PROMPT:
Return only the lines of the data below from the line with "Floor Squeegee Shower" up to and including the line with "Interwoven floral pattern on linen texture", exactly as written, with the pictures omitted.

DATA TO USE:
[Start of section]

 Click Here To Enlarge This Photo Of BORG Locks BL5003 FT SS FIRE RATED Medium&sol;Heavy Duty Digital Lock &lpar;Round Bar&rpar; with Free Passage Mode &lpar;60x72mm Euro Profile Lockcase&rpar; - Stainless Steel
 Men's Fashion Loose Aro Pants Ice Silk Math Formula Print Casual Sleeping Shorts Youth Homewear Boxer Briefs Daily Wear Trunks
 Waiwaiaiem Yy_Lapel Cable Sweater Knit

[End of section]
[Start of section]

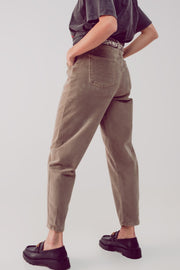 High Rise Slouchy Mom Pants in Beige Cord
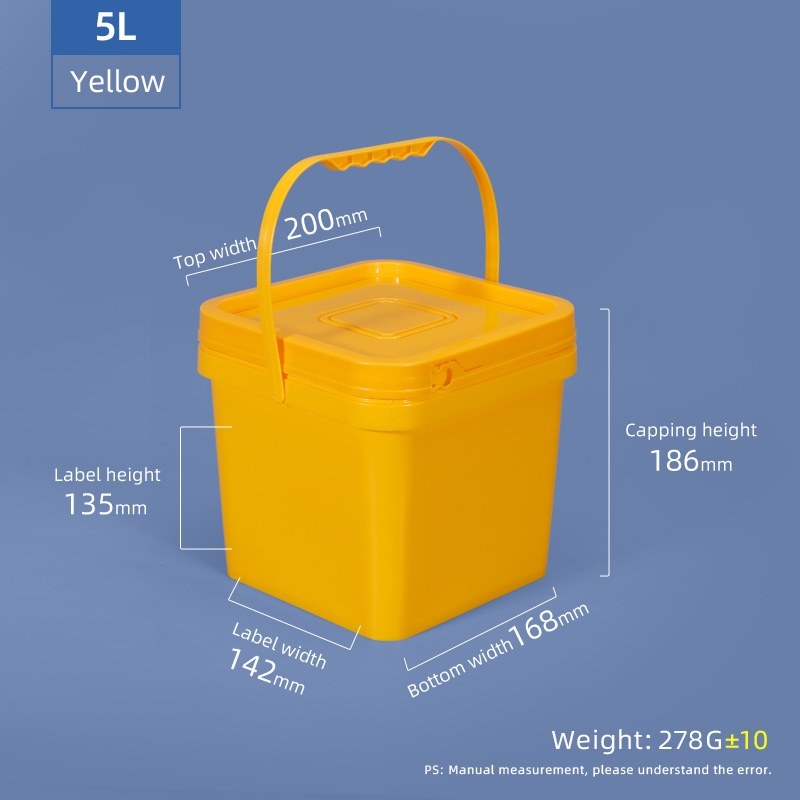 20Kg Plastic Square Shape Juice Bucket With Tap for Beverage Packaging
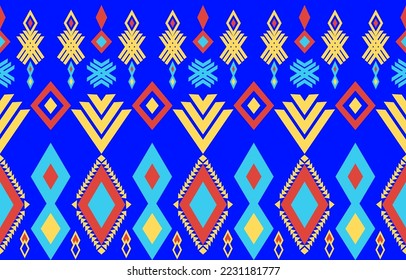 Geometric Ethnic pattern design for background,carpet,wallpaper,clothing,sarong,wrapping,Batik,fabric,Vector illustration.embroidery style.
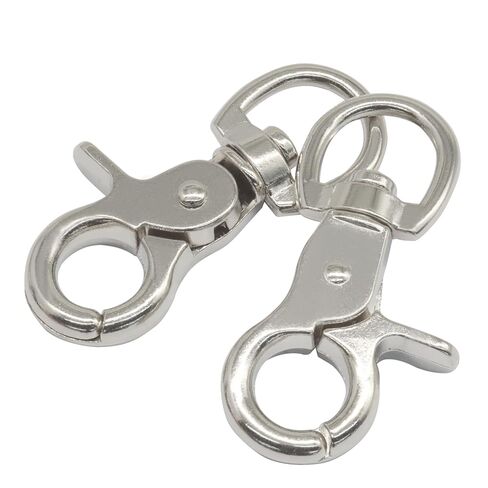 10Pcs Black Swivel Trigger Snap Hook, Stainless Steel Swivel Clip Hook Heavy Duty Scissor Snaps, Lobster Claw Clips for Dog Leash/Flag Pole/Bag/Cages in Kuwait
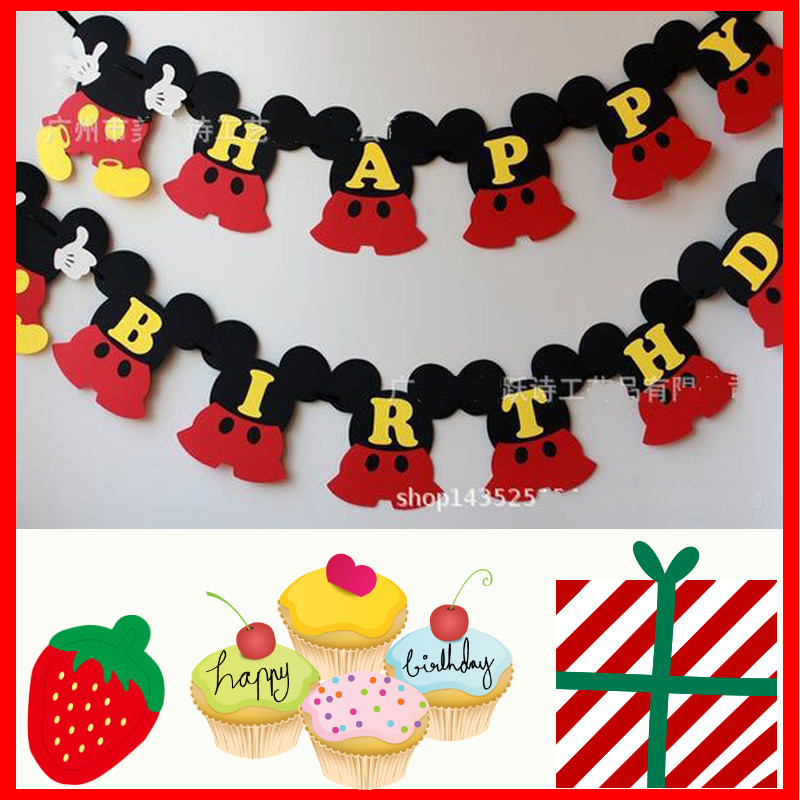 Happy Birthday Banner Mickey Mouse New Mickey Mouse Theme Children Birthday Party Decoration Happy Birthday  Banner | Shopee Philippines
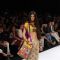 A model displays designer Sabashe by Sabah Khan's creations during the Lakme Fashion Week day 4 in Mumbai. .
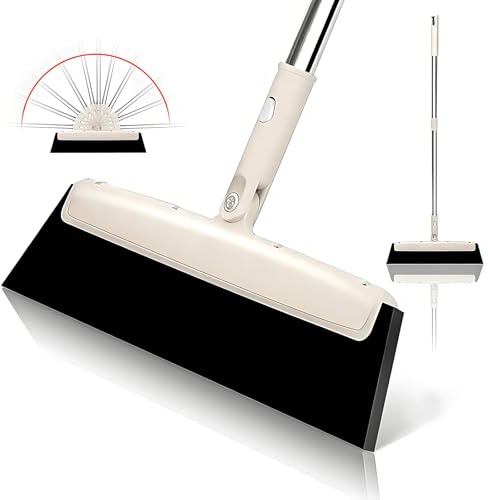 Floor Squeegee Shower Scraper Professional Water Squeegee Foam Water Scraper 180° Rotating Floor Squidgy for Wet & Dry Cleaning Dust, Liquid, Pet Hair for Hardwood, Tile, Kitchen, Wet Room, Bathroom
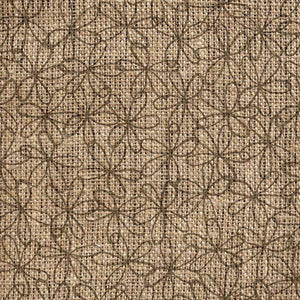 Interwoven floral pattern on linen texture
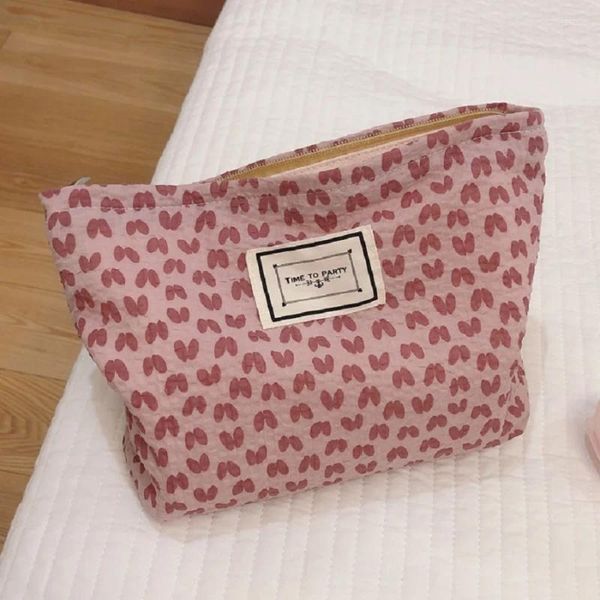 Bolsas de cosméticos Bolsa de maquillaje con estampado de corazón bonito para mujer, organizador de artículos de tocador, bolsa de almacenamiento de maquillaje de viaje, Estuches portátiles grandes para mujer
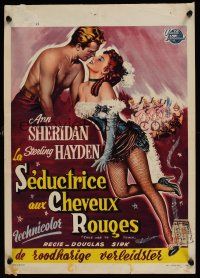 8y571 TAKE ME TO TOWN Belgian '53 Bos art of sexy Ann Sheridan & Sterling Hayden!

[End of section]
[Start of section]

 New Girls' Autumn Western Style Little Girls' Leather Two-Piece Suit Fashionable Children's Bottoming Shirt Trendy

[End of section]

ANSWER FOR THE TASK:
 Floor Squeegee Shower Scraper Professional Water Squeegee Foam Water Scraper 180° Rotating Floor Squidgy for Wet & Dry Cleaning Dust, Liquid, Pet Hair for Hardwood, Tile, Kitchen, Wet Room, Bathroom
 Interwoven floral pattern on linen texture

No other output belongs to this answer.